#### What to do:
Using the listing below, reproduce exactly the lines from the one with "Vacuum Transfer Flexo" through the last, with all pictures left out.

#### Collected material:

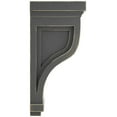 thumbnail image 2 of Ekena Millwork 4 3/4"W x 5"D x 10"H Traditional Recessed Wood Vintage Decor Corbel, Black, 2 of 6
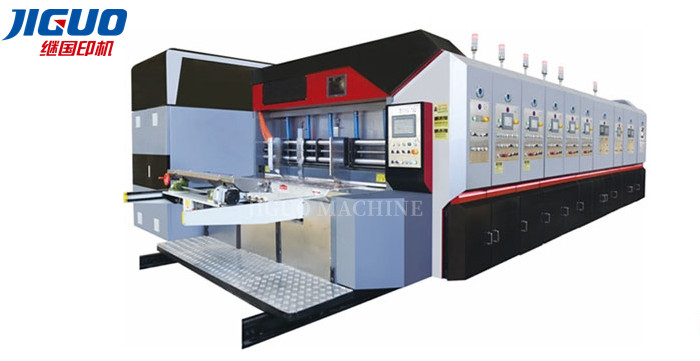 Vacuum Transfer Flexo Printing Machine Printing Slotting Rotary Die Cutter Machine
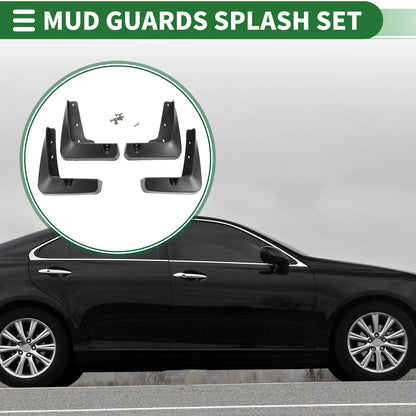 Mud Flap Splash Guard Set for Lexus ES350 Base Sedan (2013-2018)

#### Response area:
 Vacuum Transfer Flexo Printing Machine Printing Slotting Rotary Die Cutter Machine
 Mud Flap Splash Guard Set for Lexus ES350 Base Sedan (2013-2018)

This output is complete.